By Cat Wurdack
3010 SE Division
Lunch and Dinner
Daily 11 am – 10 pm
When chef Troy MacLarty found his favorite south Indian regional street foods under-represented in Portland, he resolved to change that. He spent a year and a half cooking lots of Indian food and traveled to India. In 2012, he established the popular Bollywood Theater on Alberta St.
A few months ago, MacLarty opened an exponentially larger (4,000 square foot) Bollywood Theater in the D-Street Development on SE Division at 30th Ave. It’s got the same menu and quirky ethnic vibe that succeeds in NE with the added benefit of a retail pantry space that sells Indian chiles, rice, and fresh ghee; a super-sized open kitchen; and an outdoor patio that could easily accommodate a heck of a bhangra party.

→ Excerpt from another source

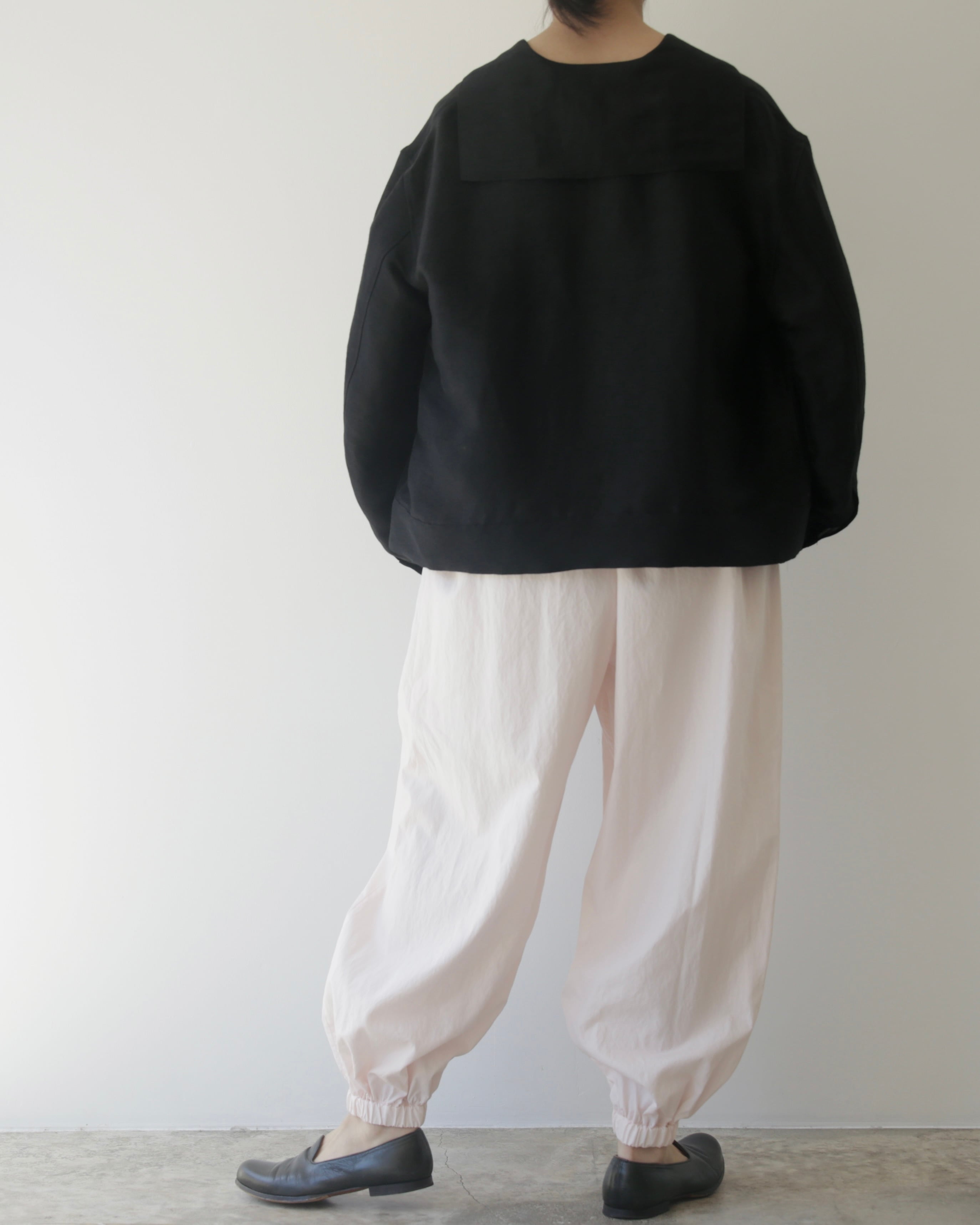 TENNE HANDCRAFTED MODERN アタッチメントパンツ | Vie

With Bollywood SE, MacLarty continues to broaden our experience of the possibilities of PDX Indian cuisine and offers a dining experience that is a little bit fantasy and a whole lot of fun.

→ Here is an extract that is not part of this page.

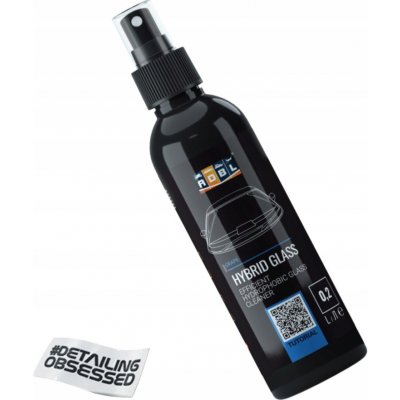 ADBL Hybrid Glass 200 ml – Zboží Mobilmania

MacLarty’s style of Indian cooking, as he describes it, favors lighter, brighter dishes; food that is “cooked in the moment” and hasn’t spent time in a steam table on a buffet line.
Bollywood offers many options for full meals as well as light drinking snacks. Vegetarians, vegans and omnivores will find common ground on the menu.
Vegetable options include asparagus grilled with almonds, raisins and a fresh turmeric curry; vada pav, a spicy potato dumpling (aka “poor man’s burger” of Mumbai) dipped in chickpea batter, fried, and served on a roll with green chutney; and samosa chole, two savory pastries filled with spiced potatoes, ginger and peas, topped with spicy garbanzo bean stew and served with bright green coriander sauce.
Meat eaters are directed to the Goa-style pork vindaloo, braised pork with red chilies, garlic and vinegar; and chicken curry served with saffron rice. These dishes, as well as egg masala and Goa-style shrimp can be ordered a la carte or as thali, a classic full platter that includes: saffron rice, sambar (vegetable and lentil stew), dal, raita (yogurt with cucumber and cilantro), paratha (Indian flatbread with ghee), green chutney, or side dish of dal, a trio of chutneys with papadums, and a single serving of saffron basmati long-grain rice.
Tin plates and mugs put one in the mind of a 1940s Indian Army mess kit. Classic Indian films are projected on a back wall. Beverages include a classic Pimm’s Cup, gin and tonic, and alcohol-free ginger-lime soda, as well as yogurt lassi and hot or cold chai. Prices remain affordable by ordering at the counter and bussing your own table.